▶ _WHAT IS BEING ASKED_:
Without copying any picture, transcribe exactly the lines of the data below from the one containing "Skins Fusion Λιπαντικό" through the one containing "Atlantis Børn/Børn Fraser".

▶ _RECORD EXTRACTS_:

■ ■ ■ ■

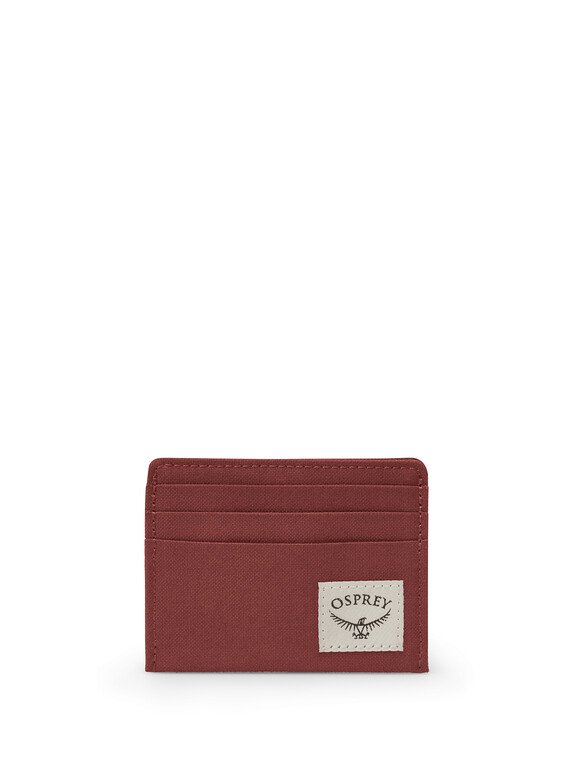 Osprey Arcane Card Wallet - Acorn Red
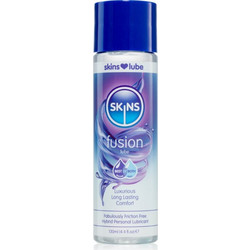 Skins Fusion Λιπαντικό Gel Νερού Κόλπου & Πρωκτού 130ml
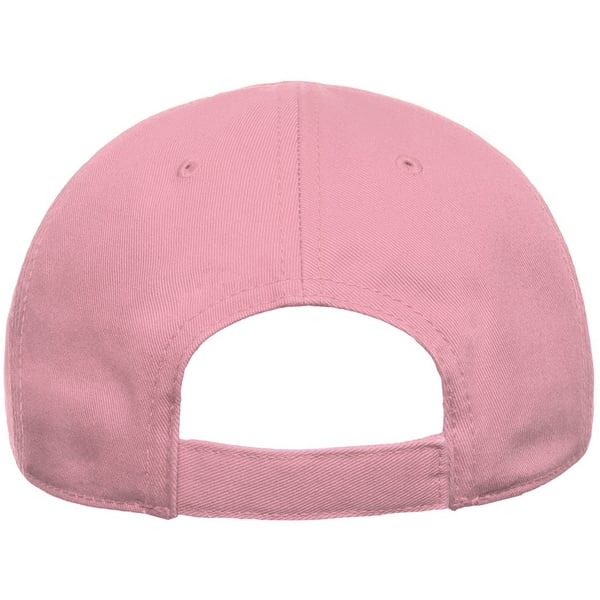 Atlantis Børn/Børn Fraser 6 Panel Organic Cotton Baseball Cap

■ ■ ■ ■

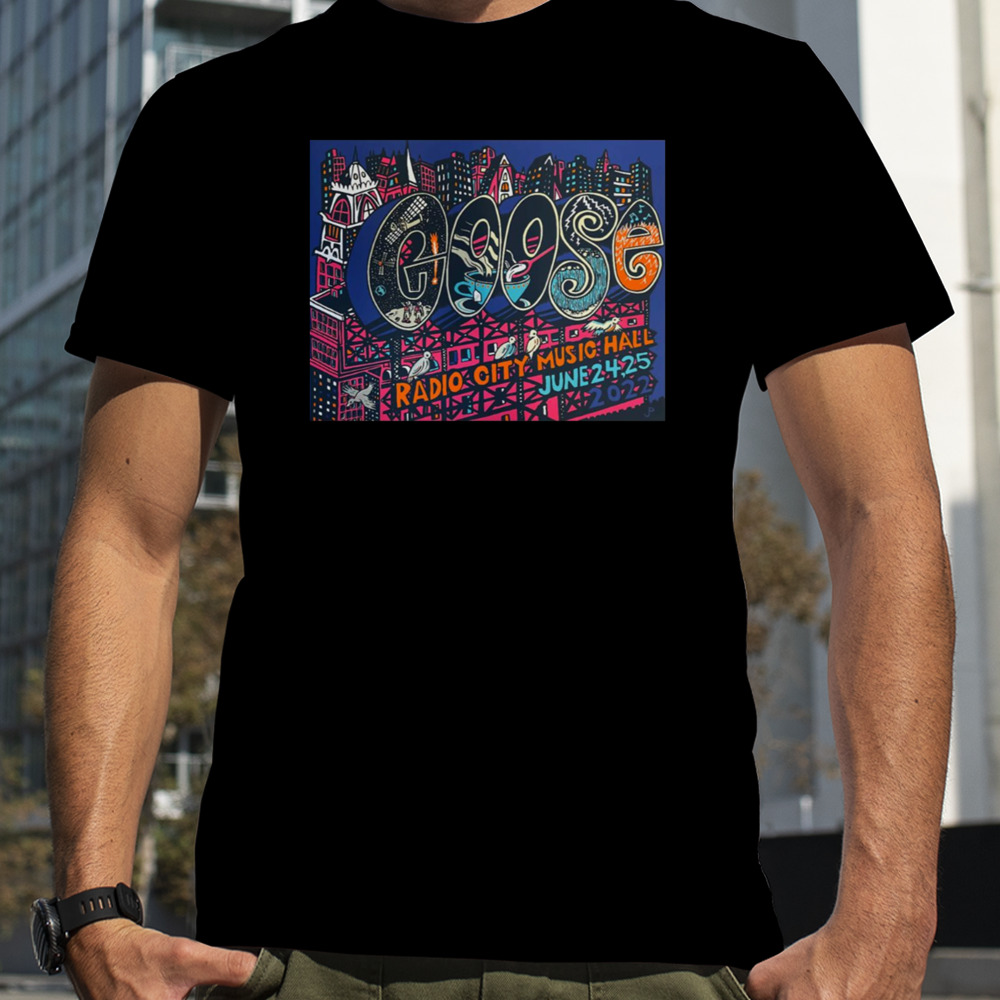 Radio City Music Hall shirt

■ ■ ■ ■

▶ _RESULT_:
 Skins Fusion Λιπαντικό Gel Νερού Κόλπου & Πρωκτού 130ml
 Atlantis Børn/Børn Fraser 6 Panel Organic Cotton Baseball Cap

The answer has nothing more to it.